++++ DATA UNDER STUDY ++++

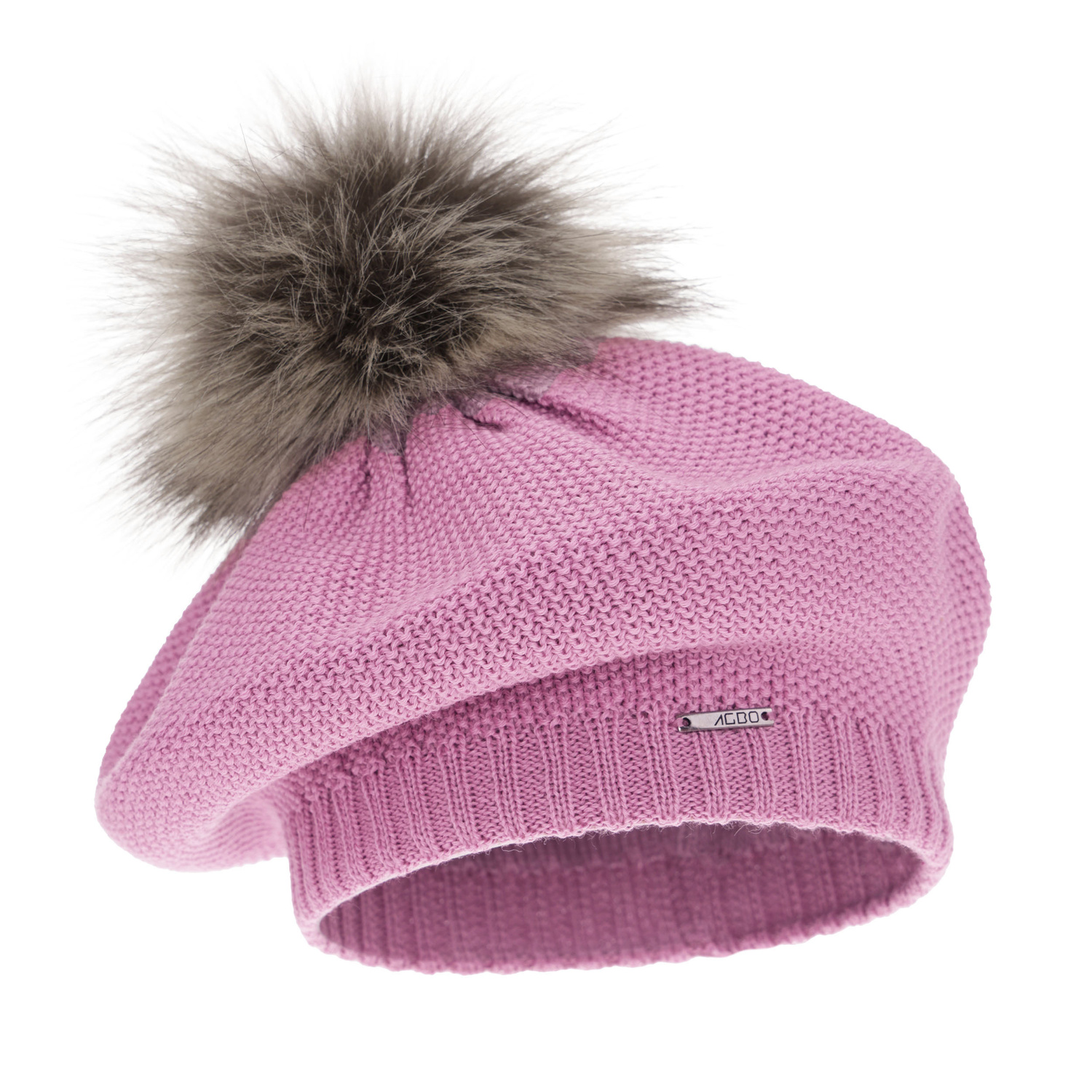 Beret d'hiver femme, violet, avec laine mérinos, Bonnie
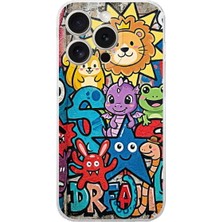 PrintiFy iPhone 15 Pro ile Uyumlu Grafiti Star Team Tasarımlı Şeffaf Silikon Kılıf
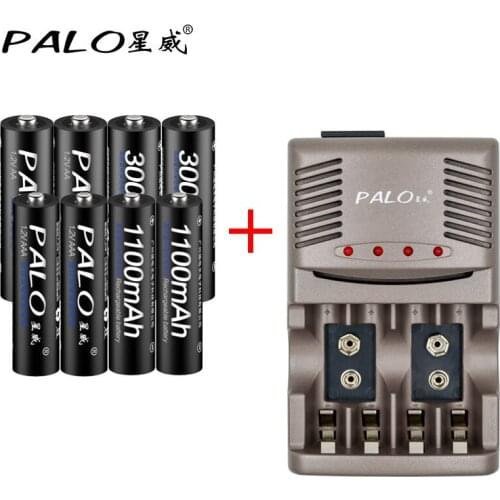 PALO Smart Battery Charger For NI-MH NI-CD AA AA Rechargebale Batteries+4pcs 3000mah AA battery+4pcs 1100mah AAA Battery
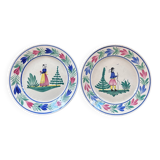 Pair of plates signed HB Quimper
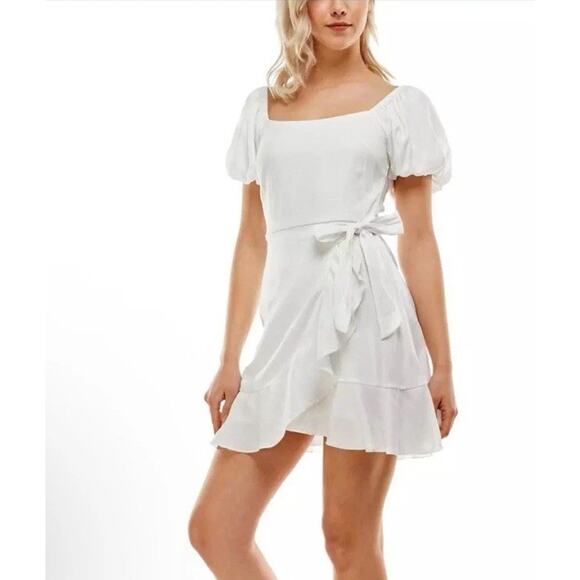 Trixxi Clothing Women Fit & Flare Short Dress Short Sleeve Ruffle Solid K803 NWT - Picture 1 of 15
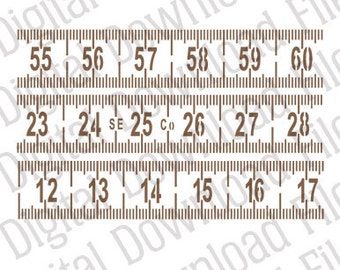 Vector Stencil Graphic - DD82 Ruler - DESCARGA DIGITAL - Formatos Ai & Svg - Totalmente editable Vinyl Ready - Time Decal, Steampunk, Mixed Media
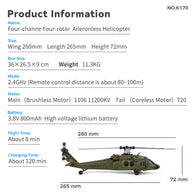 WL-K170 UH-60L 170サイズ 2.4G 4CH フライバーレス RCヘリコプター（左右スロットル調整 RTF版）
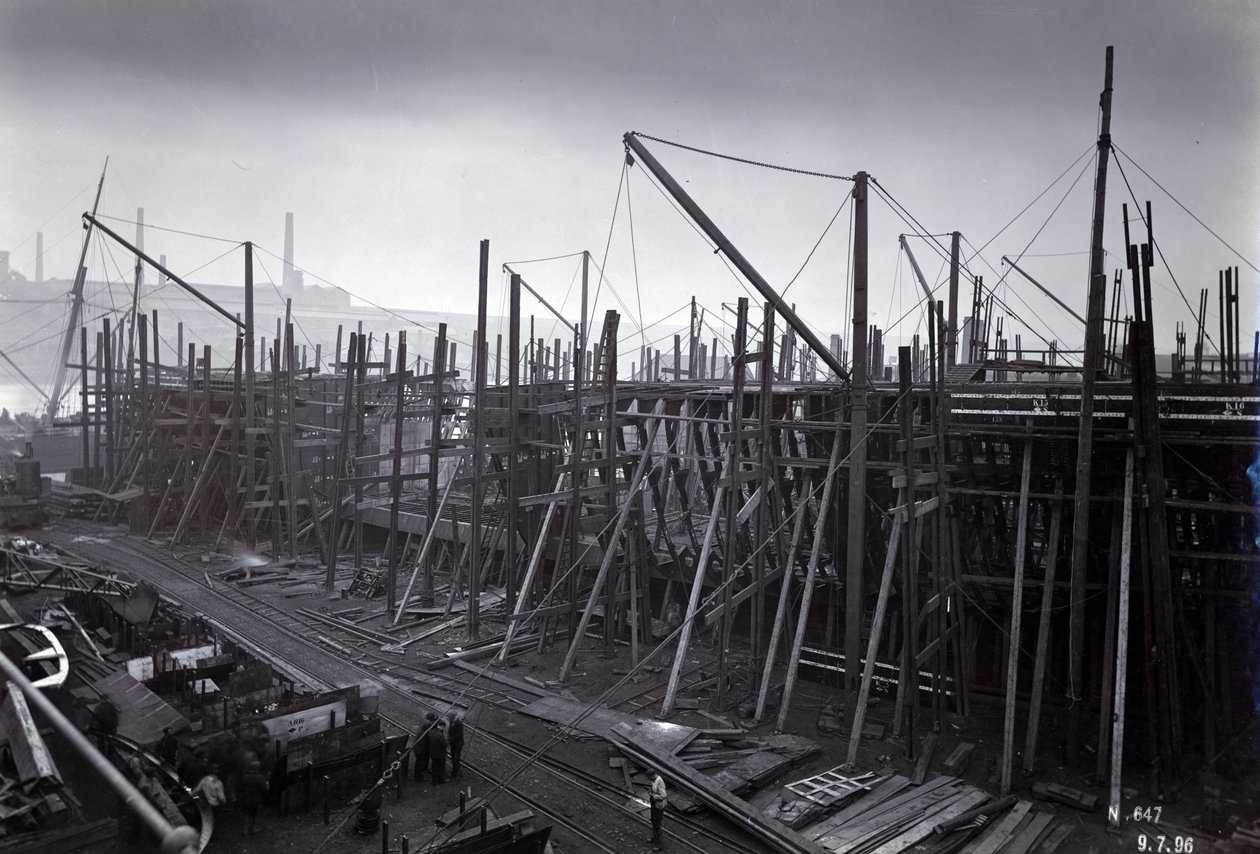 Den isbrytande tågfärjeångaren SS Baikal i ram under konstruktion av Sir W.G. Armstrong Mitchell and Co. Ltd., vid Low Walker-varvet, Newcastle upon Tyne 1896, Yard No. 647, Lake Baikal av English Photographer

++++

◆ **THE PROBLEM**
The records above should be repeated exactly, with no pictures in the copy.

◆ **RESPONSE FOR THIS EXERCISE**
 Beret d'hiver femme, violet, avec laine mérinos, Bonnie
 PrintiFy iPhone 15 Pro ile Uyumlu Grafiti Star Team Tasarımlı Şeffaf Silikon Kılıf
 PALO Smart Battery Charger For NI-MH NI-CD AA AA Rechargebale Batteries+4pcs 3000mah AA battery+4pcs 1100mah AAA Battery
 Pair of plates signed HB Quimper
 Trixxi Clothing Women Fit & Flare Short Dress Short Sleeve Ruffle Solid K803 NWT - Picture 1 of 15
 Vector Stencil Graphic - DD82 Ruler - DESCARGA DIGITAL - Formatos Ai & Svg - Totalmente editable Vinyl Ready - Time Decal, Steampunk, Mixed Media
 WL-K170 UH-60L 170サイズ 2.4G 4CH フライバーレス RCヘリコプター（左右スロットル調整 RTF版）
 Den isbrytande tågfärjeångaren SS Baikal i ram under konstruktion av Sir W.G. Armstrong Mitchell and Co. Ltd., vid Low Walker-varvet, Newcastle upon Tyne 1896, Yard No. 647, Lake Baikal av English Photographer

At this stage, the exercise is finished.